Is there a scientific relationship between the price of booze and its consumption? I ask because during a radio discussion on the Scottish Government's proposals to introduce a minimum price for booze, an expert insisted there was.
This intrigued me, as I thought the picture was far more mixed than he was admitting. Certainly there is some support for his view, such as this one which highlights that there is indeed a reduction of consumption when the price goes up.
But that only relates to overall consumption. This study suggests that increasing the price of booze will have little impact on binge drinking. This one, meanwhile, suggests there is a gender difference between men and women, with men being far less affected by price changes in terms of their binge drinking than women are, although for both the demand for booze is relatively inelastic. It should be noted that the study is of college students only.

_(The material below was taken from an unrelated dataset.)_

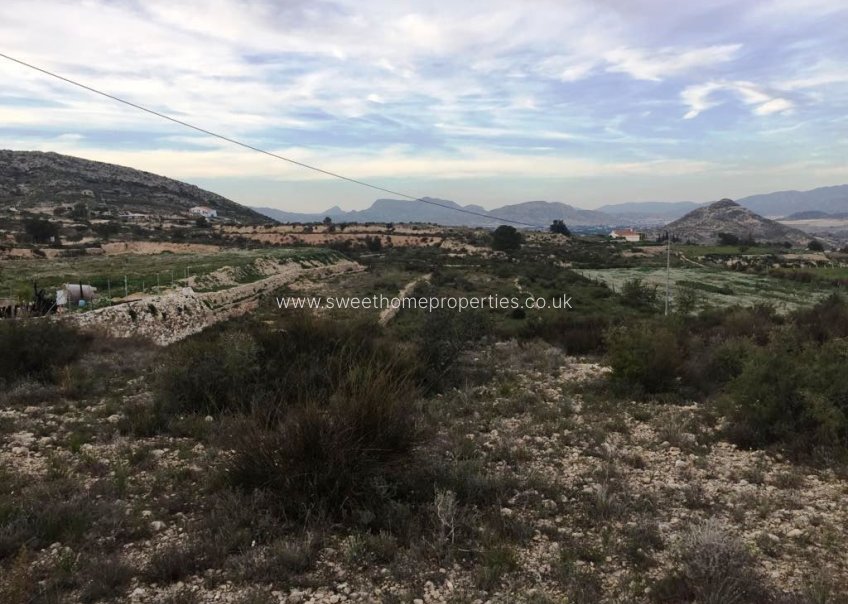 Herverkoop - Plot - Novelda - BETIES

Let us assume that all three studies are accurate. What conclusions can we draw? Well, the most obvious one has to be that raising the price of booze will reduce overall consumption of alcohol - but mainly for moderate drinkers and women. Male binge drinkers are less likely to respond to price signals.
Indeed, the evidence that price does little to affect binge drinking is quite significant. As the ever-reliable Wikipedia notes, there is a tradition of binge drinking in Scandinavian countries, despite the historically high prices and restricted availability of alcohol. In southern Europe, by contrast, binge drinking is much less common, despite the relative cheapness of alcohol.
That's why today's proposals from the Scottish Government are largely irrelevant to the issue of tackling Scotland's drinking culture. Yes, the introduction of minimum prices will certainly have an effect on consumption, but only at the margins. And it's unlikely to do anything to tackle the uncomfortable fact that too many people in our society drink to get drunk. Until people learn how to drink responsibly, laws on booze are not going to make much difference. And we are currently a long, long way from that.